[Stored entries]
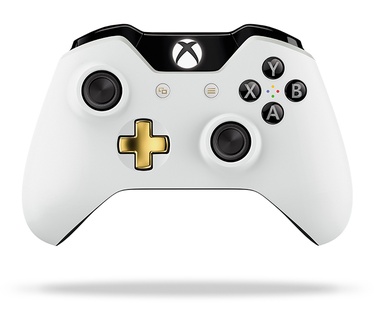 Microsoft Xbox One Special Edition Lunar Draadloze Controller Goud, Wit, Xbox One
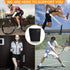 Thigh Support Brace, Hamstring Wrap Compression Sleeve with Anti-Slip Strip for Injury Rehab, Black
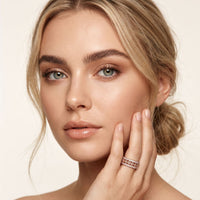 0.85CTW Round Cut Filigree Inspired Lab Grown Band For Women Rose Gold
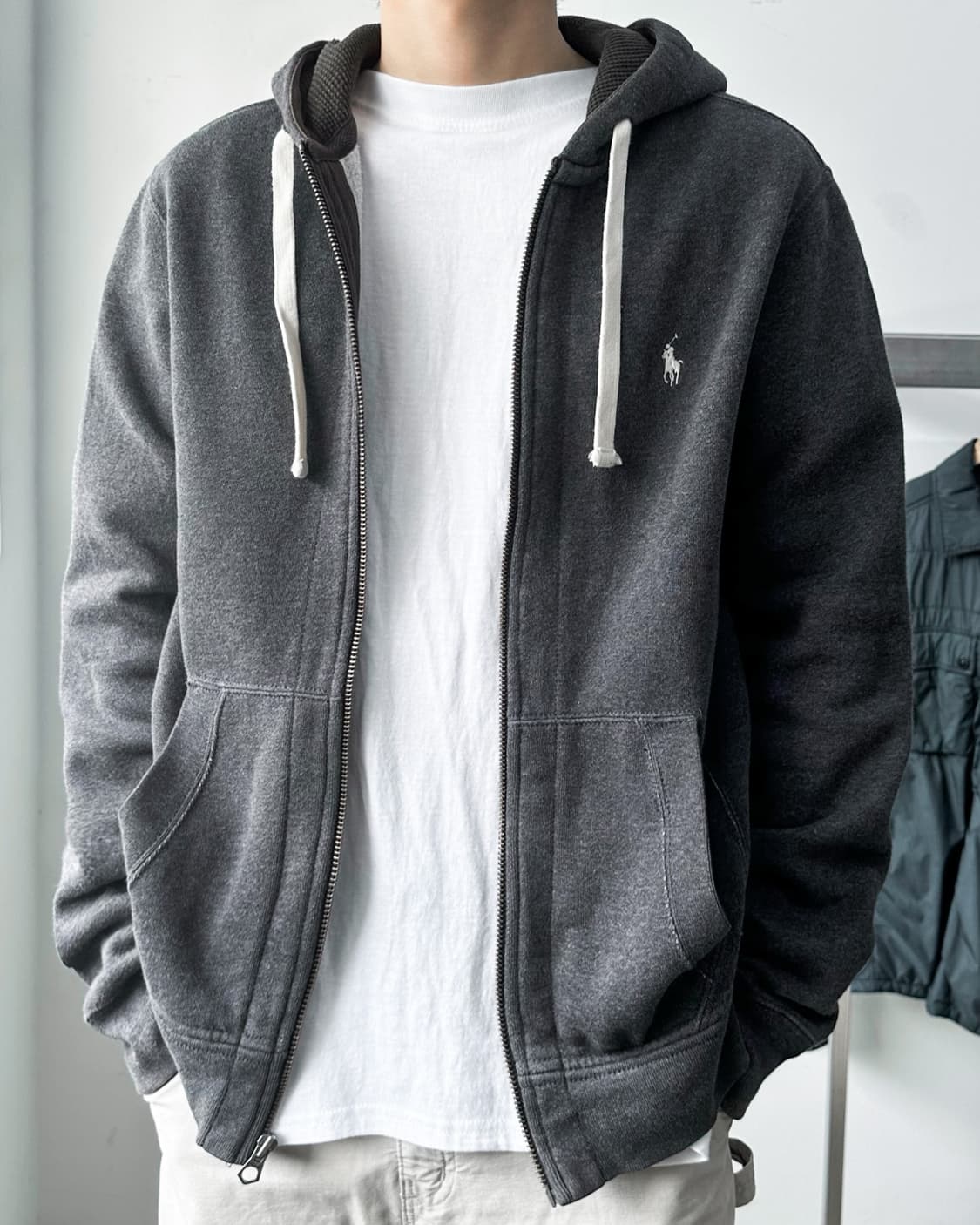 폴로 랄프로렌 베이직 포니 써멀 후드집업 상품이미지3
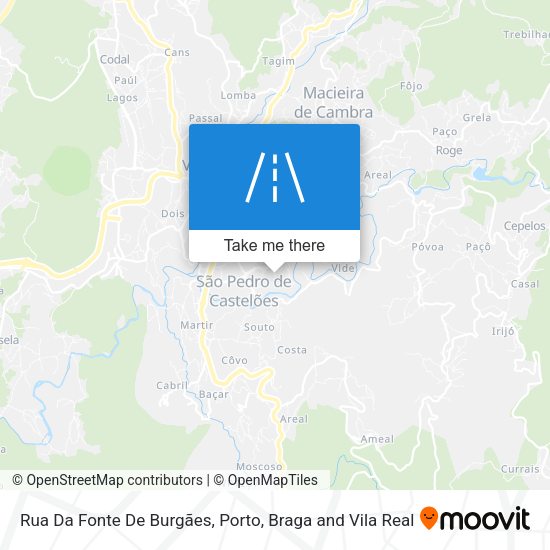 Rua Da Fonte De Burgães map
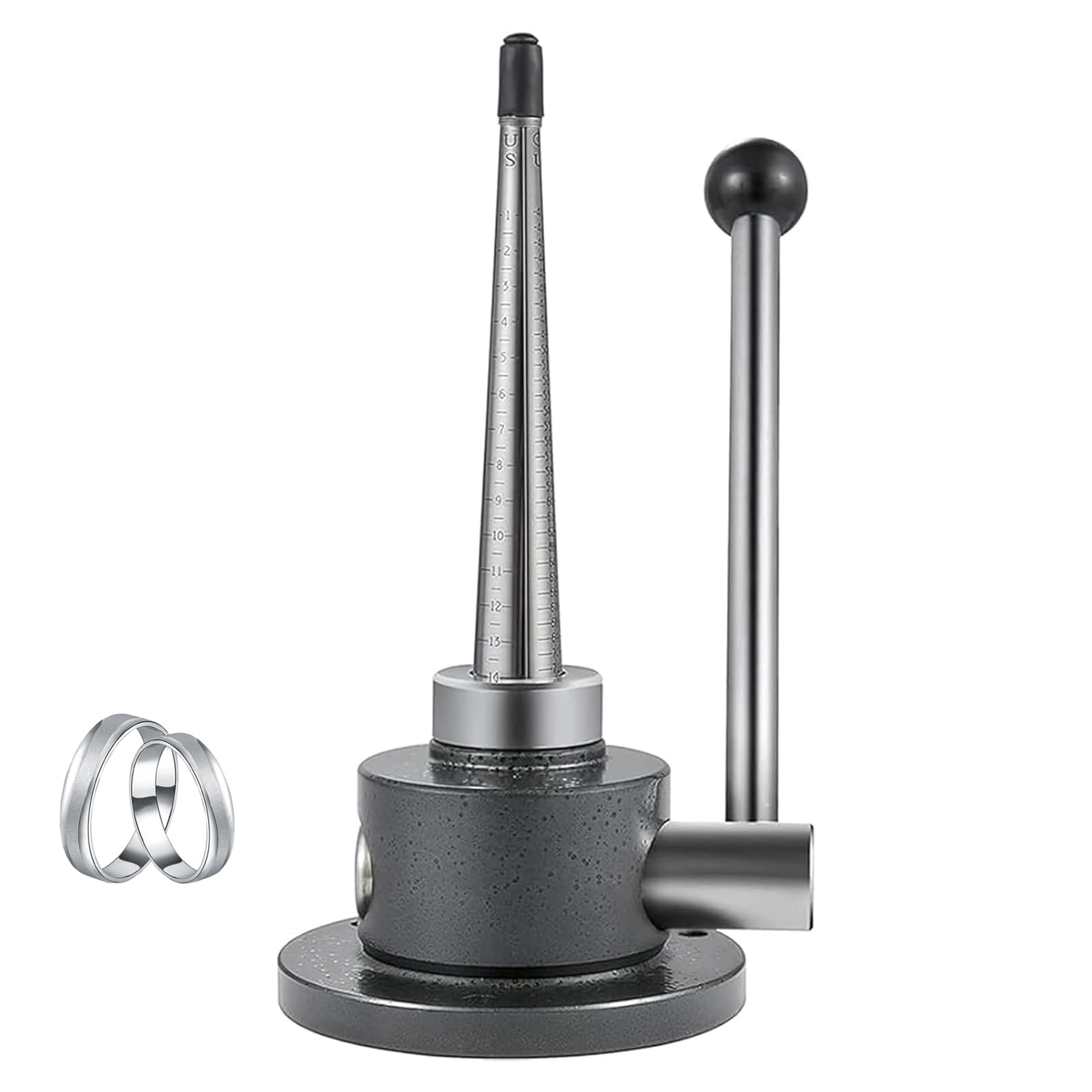 Ajustador de tamaño de anillo para anillos sueltos, medidor de tamaño en espiral para un ajuste cómodo, herramienta de reparación de joyas para hombres y mujeres, kit de medición de anillos grandes y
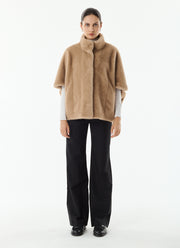 Malou Short Faux Fur Cape by Giovanni at Andrews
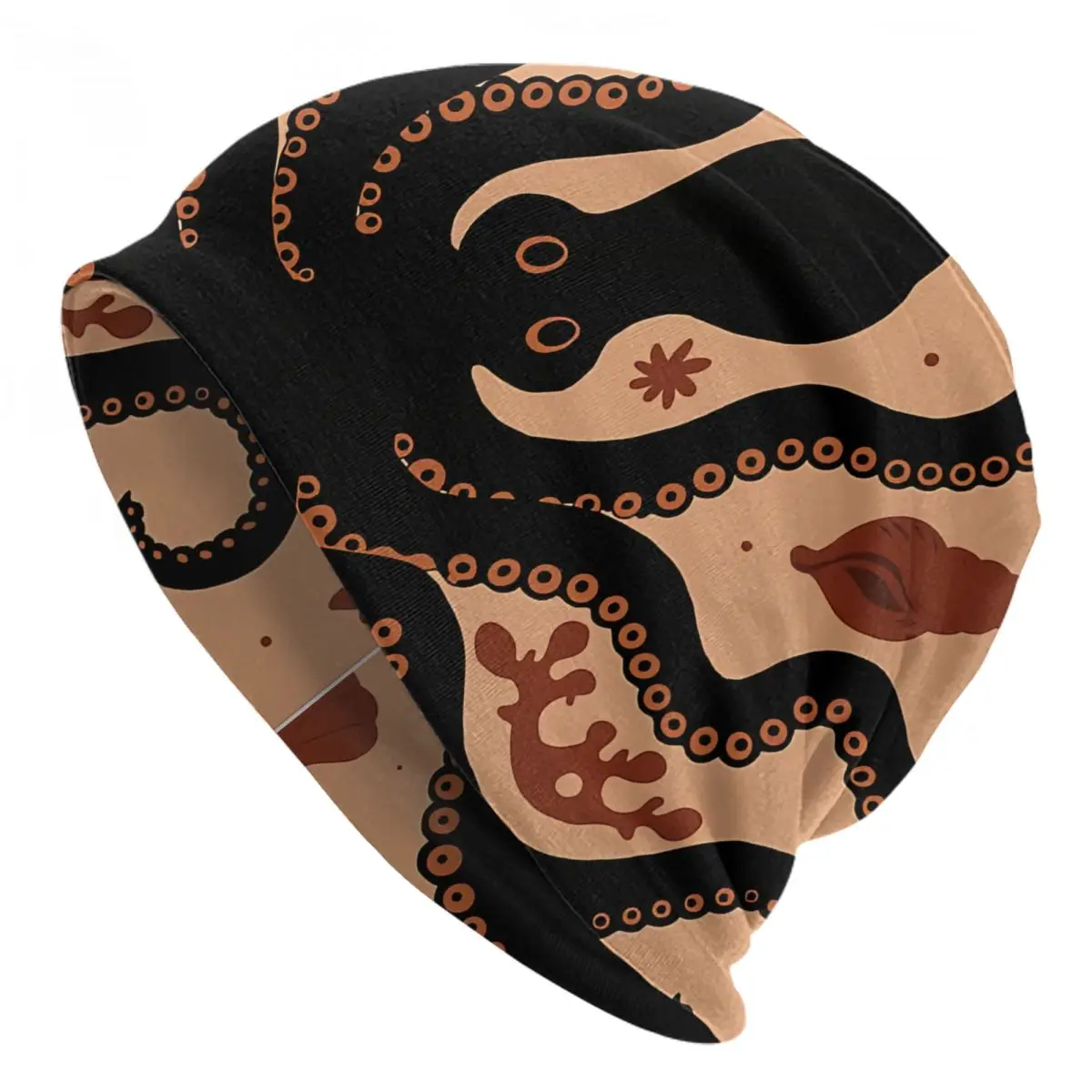 

Bonnet Hats Men Women's Thin Skullies Beanies Hat Minoan Octopus Autumn Spring Warm Cap Design Caps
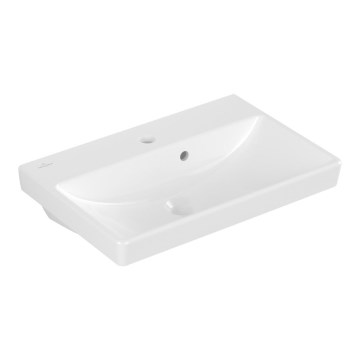 Villeroy & Boch 4A005501 - AVENTO függesztett mosdó 55x37 cm kerámia/fehér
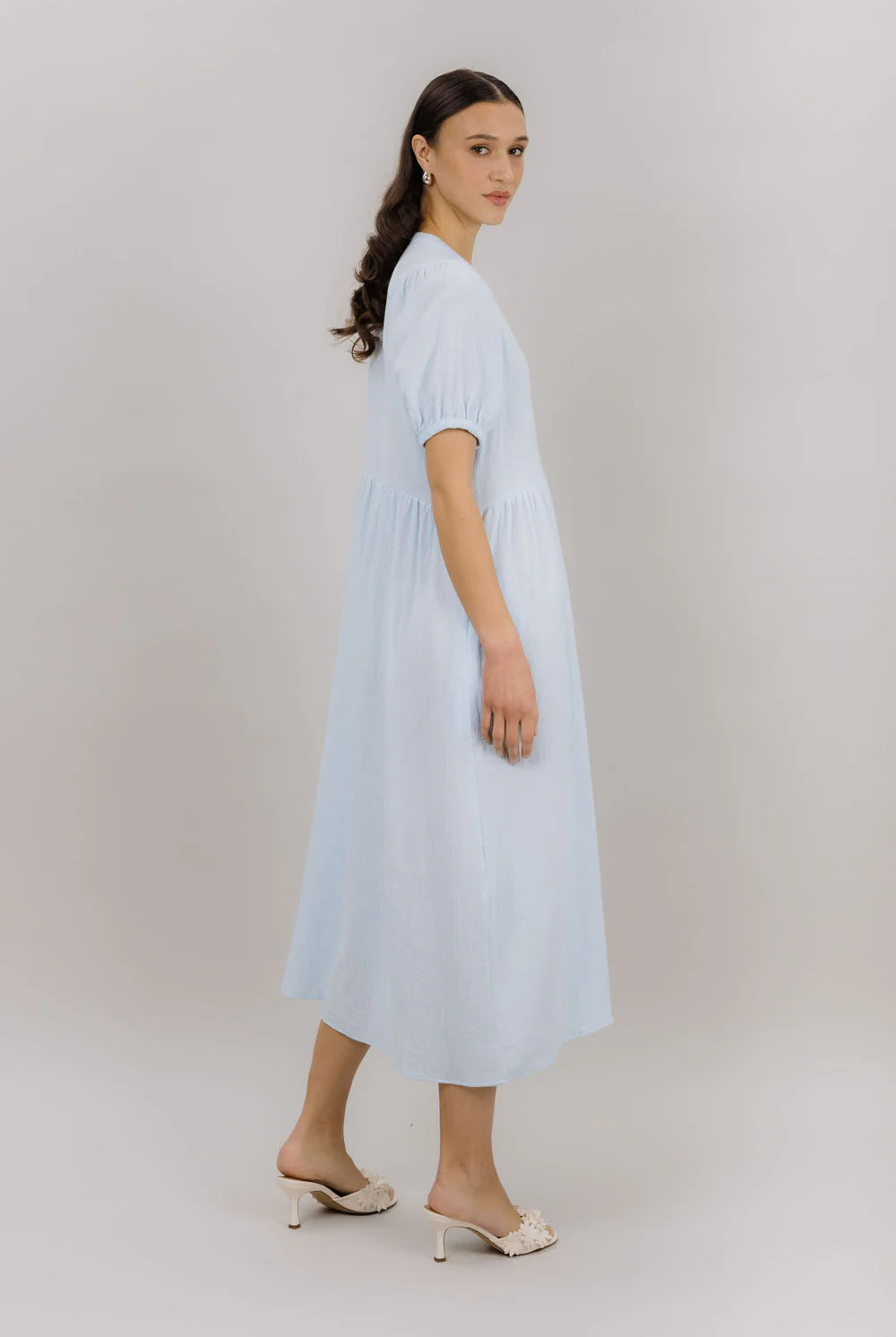 Nissi Dress - Blue - Kjoler - Helt Dilla AS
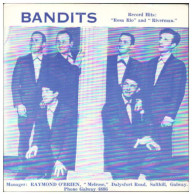 C6523/ The Bandits  Beat Musikgruppe Autogrammkarte Ca. 1960 - Sonstige & Ohne Zuordnung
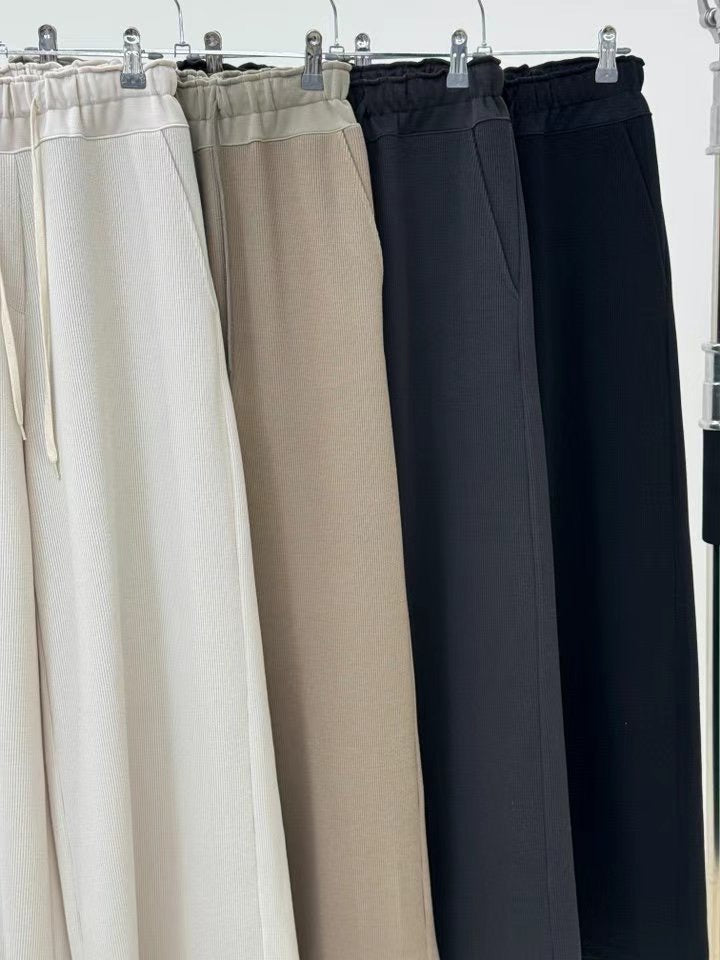 Relaxed Drawstring Pants (4 color)
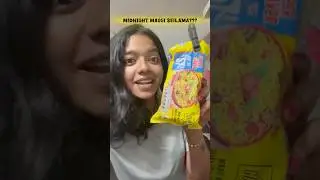 🍜Midnight Maggi seilama😎 | Korean style Maggi ah Ethu😱 | #minivlog #ytshorts #missmiracle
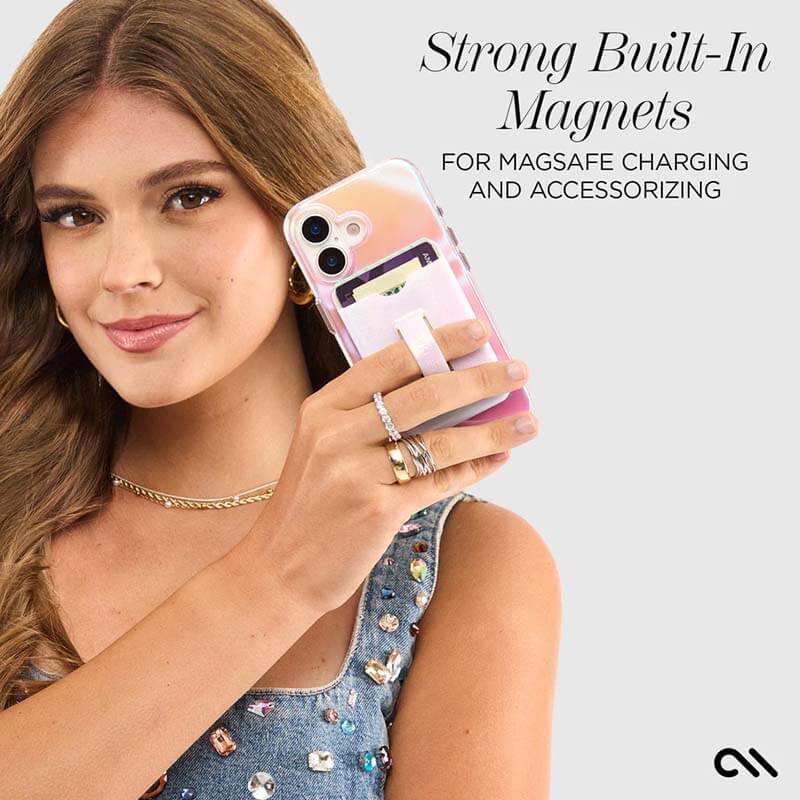 Case-Mate iPhone 17 Peach Bubble Magsafe Case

* [EXERCISE DIRECTIONS]:
An exact printout of the entries is wanted, covering the first line through the line holding "Nissi Dress - Blue - Kjoler - Helt Dilla AS", with pictures kept out of it.

* [RESPONSE TO THE TASK]:
 Microsoft Xbox One Special Edition Lunar Draadloze Controller Goud, Wit, Xbox One
 Thigh Support Brace, Hamstring Wrap Compression Sleeve with Anti-Slip Strip for Injury Rehab, Black
 0.85CTW Round Cut Filigree Inspired Lab Grown Band For Women Rose Gold
 폴로 랄프로렌 베이직 포니 써멀 후드집업 상품이미지3
 Rua Da Fonte De Burgães map
 Ajustador de tamaño de anillo para anillos sueltos, medidor de tamaño en espiral para un ajuste cómodo, herramienta de reparación de joyas para hombres y mujeres, kit de medición de anillos grandes y
 Malou Short Faux Fur Cape by Giovanni at Andrews

Bonnet Hats Men Women's Thin Skullies Beanies Hat Minoan Octopus Autumn Spring Warm Cap Design Caps
 Villeroy & Boch 4A005501 - AVENTO függesztett mosdó 55x37 cm kerámia/fehér
 Nissi Dress - Blue - Kjoler - Helt Dilla AS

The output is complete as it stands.